I have obsessed about place cards, baskets for sparklers, signage, beverage containers, bistro lights, decoupaging the frame of a bulletin board, Road Trip themed mix CD’s and welcome bags, to name a few.

Each time I feel myself sneaking down that wormhole called “Stuff you’re wasting energy on that you’re not even going to remember in six months,” I’ve done my best to stop and back up.

Yesterday I was pretty far down the Welcome Bag wormhole. Making people feel at home is one of my absolute biggest pleasures and highest values. So the welcome bags for out-of-town guests have been a huge focus for me.

I couldn’t let the logistics go even after Mike officially called me off the project and told me he’d handle it. (He’s SO good like that. Reason #876 why I’m marrying him.)

Finally, he came up behind me to give me a hug. I tried to pull away, feeling rushed –I had more important things to do than stand around and hug.

“Don’t resist me,” he said. I still pulled.

“Don’t pull away,” he said. I still pulled.

“Let go,” he said. I pulled for a moment and then, finally, I relaxed every muscle in my body and melted to the floor, tears stinging the corners of my eyes.

Mike laid down next to me and we both fell into a fit of giggles.

A few months ago my friend Rachel posted the following quote on Instagram:

twitter_standingWe were together. I forget the rest. ~Walt Whitman (Click To TWEET)
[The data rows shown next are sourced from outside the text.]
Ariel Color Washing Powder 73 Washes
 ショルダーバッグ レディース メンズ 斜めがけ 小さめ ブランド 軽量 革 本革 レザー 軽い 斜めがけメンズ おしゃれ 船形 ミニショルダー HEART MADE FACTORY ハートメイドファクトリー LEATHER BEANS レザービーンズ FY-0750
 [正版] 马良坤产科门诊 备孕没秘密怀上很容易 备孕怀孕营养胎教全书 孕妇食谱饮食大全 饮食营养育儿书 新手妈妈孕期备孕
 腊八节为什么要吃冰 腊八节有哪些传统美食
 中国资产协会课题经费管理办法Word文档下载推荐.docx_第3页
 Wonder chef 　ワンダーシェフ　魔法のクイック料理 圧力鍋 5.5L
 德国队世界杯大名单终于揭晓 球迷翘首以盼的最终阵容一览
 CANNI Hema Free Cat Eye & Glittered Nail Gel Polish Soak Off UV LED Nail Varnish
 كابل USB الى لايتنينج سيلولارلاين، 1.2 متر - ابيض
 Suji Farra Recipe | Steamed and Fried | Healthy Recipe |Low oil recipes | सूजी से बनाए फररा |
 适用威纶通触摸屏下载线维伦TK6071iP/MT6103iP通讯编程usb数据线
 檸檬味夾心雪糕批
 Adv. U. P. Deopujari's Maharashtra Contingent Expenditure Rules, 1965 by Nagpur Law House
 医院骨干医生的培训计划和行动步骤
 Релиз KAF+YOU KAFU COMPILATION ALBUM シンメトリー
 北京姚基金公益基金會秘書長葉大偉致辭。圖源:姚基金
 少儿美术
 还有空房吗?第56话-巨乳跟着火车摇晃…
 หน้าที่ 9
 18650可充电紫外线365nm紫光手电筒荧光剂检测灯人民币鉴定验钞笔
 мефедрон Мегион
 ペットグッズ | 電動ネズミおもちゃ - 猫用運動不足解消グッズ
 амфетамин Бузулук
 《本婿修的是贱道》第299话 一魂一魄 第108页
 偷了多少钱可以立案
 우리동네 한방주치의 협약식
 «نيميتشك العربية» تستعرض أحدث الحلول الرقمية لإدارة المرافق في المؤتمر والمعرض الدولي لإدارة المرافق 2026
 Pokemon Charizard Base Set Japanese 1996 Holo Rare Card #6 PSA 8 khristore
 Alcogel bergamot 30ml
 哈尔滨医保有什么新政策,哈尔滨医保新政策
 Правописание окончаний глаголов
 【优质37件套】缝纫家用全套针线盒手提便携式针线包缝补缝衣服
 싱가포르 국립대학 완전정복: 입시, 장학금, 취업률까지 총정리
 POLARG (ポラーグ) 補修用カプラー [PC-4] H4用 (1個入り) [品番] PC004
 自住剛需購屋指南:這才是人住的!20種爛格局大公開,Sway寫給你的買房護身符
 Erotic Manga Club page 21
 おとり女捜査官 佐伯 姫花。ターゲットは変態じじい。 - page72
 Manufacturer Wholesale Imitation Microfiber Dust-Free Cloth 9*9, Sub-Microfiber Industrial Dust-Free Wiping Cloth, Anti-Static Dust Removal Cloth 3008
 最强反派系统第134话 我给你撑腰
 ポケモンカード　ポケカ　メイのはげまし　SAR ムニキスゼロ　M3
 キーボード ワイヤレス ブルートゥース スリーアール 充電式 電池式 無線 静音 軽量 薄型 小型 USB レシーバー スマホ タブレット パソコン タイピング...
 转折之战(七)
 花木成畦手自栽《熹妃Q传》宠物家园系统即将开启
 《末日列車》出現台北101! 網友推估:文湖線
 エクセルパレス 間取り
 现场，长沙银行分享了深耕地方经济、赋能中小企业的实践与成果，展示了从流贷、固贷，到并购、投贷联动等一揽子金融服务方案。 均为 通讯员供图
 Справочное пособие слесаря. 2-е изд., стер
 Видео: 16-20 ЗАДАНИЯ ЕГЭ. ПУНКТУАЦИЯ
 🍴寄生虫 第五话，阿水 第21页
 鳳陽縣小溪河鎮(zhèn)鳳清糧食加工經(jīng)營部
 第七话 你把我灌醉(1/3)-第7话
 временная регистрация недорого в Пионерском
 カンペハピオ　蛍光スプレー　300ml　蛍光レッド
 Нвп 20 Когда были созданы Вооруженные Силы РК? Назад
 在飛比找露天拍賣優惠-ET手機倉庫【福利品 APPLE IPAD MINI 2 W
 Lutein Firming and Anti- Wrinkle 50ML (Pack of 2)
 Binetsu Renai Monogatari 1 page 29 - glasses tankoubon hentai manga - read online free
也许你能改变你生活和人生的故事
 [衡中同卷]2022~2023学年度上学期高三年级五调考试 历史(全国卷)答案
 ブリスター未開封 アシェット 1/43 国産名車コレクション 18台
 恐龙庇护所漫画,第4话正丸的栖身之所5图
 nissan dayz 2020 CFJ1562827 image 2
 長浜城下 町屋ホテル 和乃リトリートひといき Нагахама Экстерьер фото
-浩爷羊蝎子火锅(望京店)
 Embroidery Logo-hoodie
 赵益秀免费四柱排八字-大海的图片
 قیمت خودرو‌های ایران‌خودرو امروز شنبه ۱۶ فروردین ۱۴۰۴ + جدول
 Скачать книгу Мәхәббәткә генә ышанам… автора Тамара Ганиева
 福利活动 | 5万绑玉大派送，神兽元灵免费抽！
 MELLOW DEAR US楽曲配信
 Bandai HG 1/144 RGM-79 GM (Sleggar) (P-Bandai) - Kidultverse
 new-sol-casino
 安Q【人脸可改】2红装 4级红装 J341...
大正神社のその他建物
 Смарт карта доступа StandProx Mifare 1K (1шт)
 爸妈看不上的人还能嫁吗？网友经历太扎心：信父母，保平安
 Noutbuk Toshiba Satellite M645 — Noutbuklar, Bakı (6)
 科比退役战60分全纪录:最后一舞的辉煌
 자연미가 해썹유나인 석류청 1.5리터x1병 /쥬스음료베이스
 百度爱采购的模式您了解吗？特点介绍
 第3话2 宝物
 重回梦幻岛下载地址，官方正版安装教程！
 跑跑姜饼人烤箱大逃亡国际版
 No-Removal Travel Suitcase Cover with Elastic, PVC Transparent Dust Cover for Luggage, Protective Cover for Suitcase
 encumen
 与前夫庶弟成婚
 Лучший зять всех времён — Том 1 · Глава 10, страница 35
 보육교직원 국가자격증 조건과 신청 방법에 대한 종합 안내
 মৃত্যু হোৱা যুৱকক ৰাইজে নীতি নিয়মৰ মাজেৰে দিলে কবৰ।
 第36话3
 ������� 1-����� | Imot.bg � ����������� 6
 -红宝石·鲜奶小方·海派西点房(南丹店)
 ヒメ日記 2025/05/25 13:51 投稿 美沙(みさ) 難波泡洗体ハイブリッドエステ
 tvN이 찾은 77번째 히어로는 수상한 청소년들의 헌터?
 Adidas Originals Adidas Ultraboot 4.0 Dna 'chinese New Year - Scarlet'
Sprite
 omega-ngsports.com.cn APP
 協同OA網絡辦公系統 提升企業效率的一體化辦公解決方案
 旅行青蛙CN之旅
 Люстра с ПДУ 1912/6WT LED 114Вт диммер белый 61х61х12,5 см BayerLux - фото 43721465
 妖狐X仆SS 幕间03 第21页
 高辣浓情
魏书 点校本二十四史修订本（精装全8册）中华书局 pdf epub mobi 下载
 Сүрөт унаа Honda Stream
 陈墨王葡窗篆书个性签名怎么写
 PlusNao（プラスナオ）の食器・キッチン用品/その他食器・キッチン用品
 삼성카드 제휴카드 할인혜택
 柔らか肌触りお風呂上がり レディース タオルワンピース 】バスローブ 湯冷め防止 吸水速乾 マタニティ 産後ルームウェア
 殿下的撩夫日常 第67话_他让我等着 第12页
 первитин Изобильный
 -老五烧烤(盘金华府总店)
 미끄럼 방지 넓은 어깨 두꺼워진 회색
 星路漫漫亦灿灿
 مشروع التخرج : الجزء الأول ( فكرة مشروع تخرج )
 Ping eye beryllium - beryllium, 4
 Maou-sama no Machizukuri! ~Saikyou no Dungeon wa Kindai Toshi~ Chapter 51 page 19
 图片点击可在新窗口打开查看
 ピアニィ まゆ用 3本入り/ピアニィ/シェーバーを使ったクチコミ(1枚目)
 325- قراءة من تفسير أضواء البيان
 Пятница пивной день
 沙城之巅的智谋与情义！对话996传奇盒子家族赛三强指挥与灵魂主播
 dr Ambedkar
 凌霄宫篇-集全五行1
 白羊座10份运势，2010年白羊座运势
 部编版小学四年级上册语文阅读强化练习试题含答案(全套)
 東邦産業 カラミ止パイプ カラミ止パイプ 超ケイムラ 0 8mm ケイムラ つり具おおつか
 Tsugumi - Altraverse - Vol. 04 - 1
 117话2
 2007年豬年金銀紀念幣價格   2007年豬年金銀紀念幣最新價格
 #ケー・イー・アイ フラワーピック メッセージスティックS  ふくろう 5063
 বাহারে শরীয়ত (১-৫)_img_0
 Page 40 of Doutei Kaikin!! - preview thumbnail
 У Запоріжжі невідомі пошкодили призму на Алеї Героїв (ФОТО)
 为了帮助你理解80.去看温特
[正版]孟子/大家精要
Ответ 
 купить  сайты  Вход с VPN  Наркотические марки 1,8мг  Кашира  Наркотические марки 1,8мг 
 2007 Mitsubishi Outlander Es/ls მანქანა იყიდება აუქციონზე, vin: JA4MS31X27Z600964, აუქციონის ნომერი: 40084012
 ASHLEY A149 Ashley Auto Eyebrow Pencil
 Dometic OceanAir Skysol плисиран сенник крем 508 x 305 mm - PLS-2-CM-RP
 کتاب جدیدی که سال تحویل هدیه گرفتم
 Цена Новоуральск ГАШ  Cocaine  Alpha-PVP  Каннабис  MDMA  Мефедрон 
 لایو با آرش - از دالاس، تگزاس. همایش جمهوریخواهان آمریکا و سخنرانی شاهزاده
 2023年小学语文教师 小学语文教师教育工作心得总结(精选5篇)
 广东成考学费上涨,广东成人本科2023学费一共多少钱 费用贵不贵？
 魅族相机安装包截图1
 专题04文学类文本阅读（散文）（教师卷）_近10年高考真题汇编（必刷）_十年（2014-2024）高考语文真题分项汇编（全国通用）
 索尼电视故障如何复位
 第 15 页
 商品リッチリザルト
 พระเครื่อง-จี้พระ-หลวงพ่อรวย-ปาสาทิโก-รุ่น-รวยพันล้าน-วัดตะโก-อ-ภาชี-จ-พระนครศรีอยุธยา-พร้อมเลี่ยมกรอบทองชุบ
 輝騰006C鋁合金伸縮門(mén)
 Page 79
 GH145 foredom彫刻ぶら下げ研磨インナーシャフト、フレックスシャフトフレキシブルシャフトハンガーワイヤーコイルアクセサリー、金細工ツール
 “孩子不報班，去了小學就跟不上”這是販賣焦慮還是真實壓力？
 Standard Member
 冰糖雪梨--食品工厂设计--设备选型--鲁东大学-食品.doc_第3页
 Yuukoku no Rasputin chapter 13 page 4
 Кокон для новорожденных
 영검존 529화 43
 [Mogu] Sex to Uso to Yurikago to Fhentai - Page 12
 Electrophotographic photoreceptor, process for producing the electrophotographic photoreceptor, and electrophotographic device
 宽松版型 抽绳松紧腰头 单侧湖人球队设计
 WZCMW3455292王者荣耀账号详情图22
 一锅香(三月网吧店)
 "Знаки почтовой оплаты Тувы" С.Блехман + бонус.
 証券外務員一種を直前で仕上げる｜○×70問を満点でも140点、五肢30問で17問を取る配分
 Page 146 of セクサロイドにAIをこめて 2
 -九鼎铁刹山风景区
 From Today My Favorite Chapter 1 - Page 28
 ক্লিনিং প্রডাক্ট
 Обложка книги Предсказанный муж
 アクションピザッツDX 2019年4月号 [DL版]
Photo Credit: Gabrielle Bernstein

Photo Credit: Gabrielle Bernstein

When I read it I felt a zing of recognition through every cell of my body.

It was exactly the touchstone I needed during the wedding process.

(I even got it printed on cocktail napkins for the reception as my talisman reminding me to release the details that don’t matter and focus on what does: marrying the man I love in the company of those I love.)

I knew that I would marry Mike in a brown paper bag and serve bologna sandwiches if it meant getting to be with him and be witnessed by those I love.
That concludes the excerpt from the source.